“Then she could have snapped and killed the nanny herself, perhaps?” my uncle mused.
Vehemently, I shook my head. “No, you don’t understand,” I snapped. “She was practically a zombie. And even if she had somehow found a way back to herself, there’s no way she would do something like this.” I looked around the tired pink room. “Ellis Earnshaw is the sweetest, most innocent person on this earth.” My stomach flipped when I thought of how, as a kid, she would dress up as Alice in Wonderland and pretend she was drinking tea. “She’s delicate.” My heart broke for the shell she’d become. “She was almost too fragile for the world. Easily manipulated. Too vulnerable.” My mouth, which had a formed a nostalgic smile, fell. Only one person came to mind. The prick who had taken her from me. Took away my best friend and molded her into his lap dog . . .
Heathan fucking James.
But he was dead. Or at least presumed dead. Disappeared when we were kids, leaving Ellis heartbroken. He was always selfish. I’d tried to see her once, months after he had left, when I found out from my mama that he’d left her all alone. But it was the start of Ellis’s spiral into darkness. Heathan fucking James left her and ruined her goddamn life.

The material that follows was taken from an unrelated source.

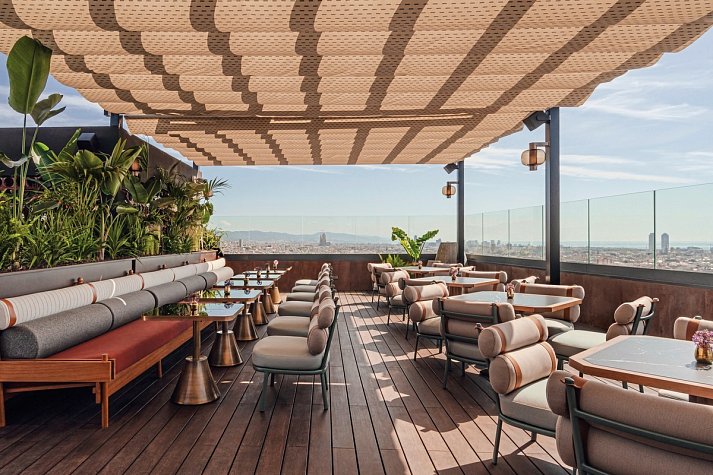 Nobu Hotel Barcelona - Restaurant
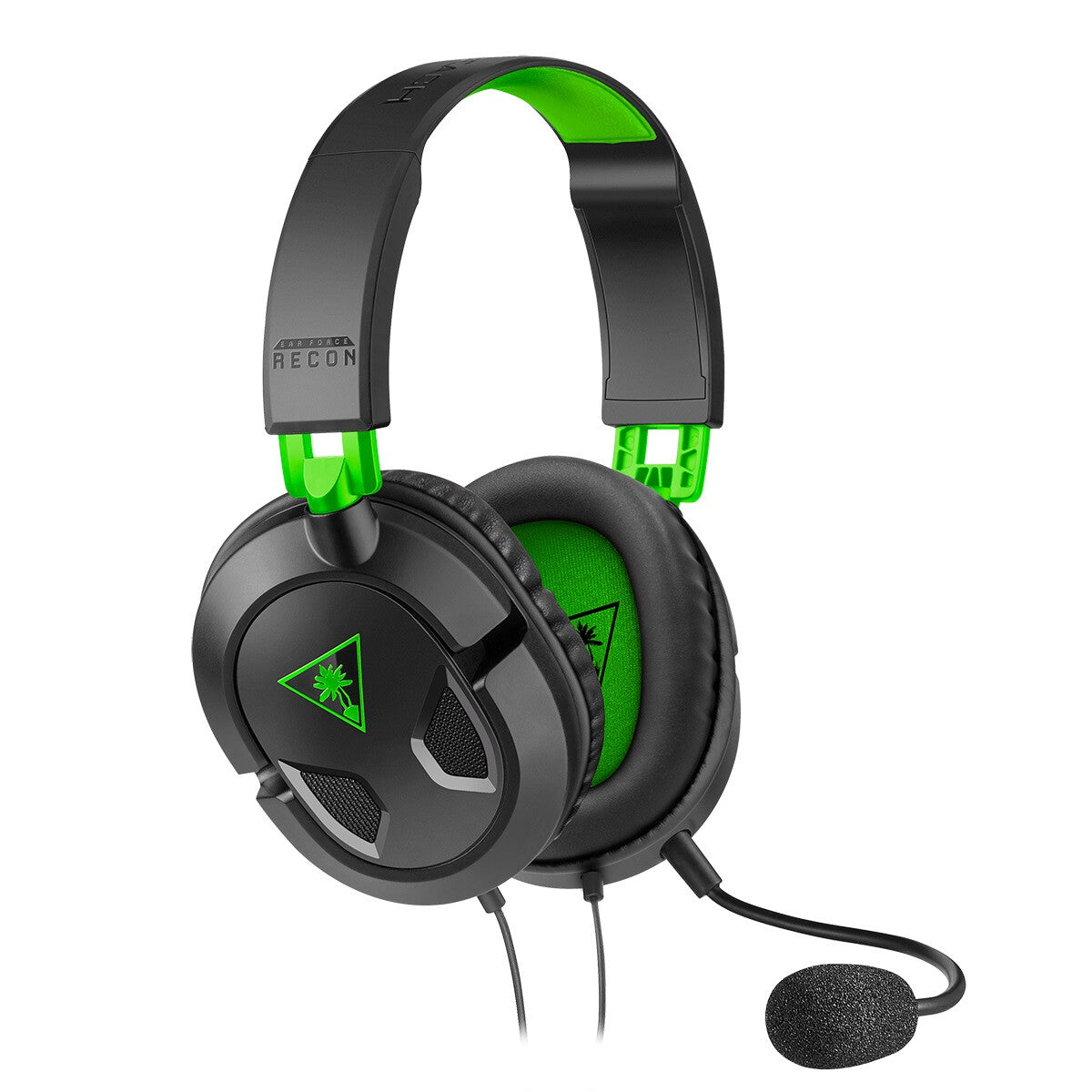 Turtle Beach Recon 50 - Wired Gaming Headset in Black / Green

That dick was better off dead and gone. There was always something weird about him. As if he lived with evil in his veins. And the minute he set his sights on Ellis, he did nothing but corrupt her, and devour her spirit and grace.
The ringing of my uncle’s cell cut through my smoldering anger. I blinked away the image of Heathan, with his strange clothes and eerie gray eyes. I focused instead on my uncle’s eyes, which had fallen on me.
“I’m on my way.” My uncle ended the call and tucked his cell back into his pocket.
“What is it?”
“Murder,” he replied. “Amarillo.”
My heart started racing. My uncle was pretty high up in the Texas Rangers. From being a kid, I had wanted to be him. I started training the minute I turned eighteen. At twenty-two, I was now truly learning my craft. Even when I was officially on leave, I didn’t take the day off. Instead I shadowed him, the best. Yeah, it was a blatant case of nepotism, but my uncle let me. He could see how much I wanted it. I had two weeks of vacation time. For me, it translated into two weeks’ worth of the most important cases to observe and understand.
“When are we leaving?” I followed him as he turned and raced from the room.
“Now.”
“Holy shit,” I whispered under my breath as I drank in the scene before me. We’d passed bodies on our route to an office in the secluded house we’d been called to. Guards. When the next shift of guards had started, they’d immediately called in the murders.
It was carnage.
I followed my uncle into the office. And I had barely taken one step inside when I stopped in my tracks. A man, stabbed to death, slumped in his office chair against the wall. I tore my eyes from the bloody sight of his corpse and up to the writing above. The scrawl was messy, almost childlike. I squinted to make out what it said. Just as it swam into focus, my uncle gave it voice: “Sick Fux.”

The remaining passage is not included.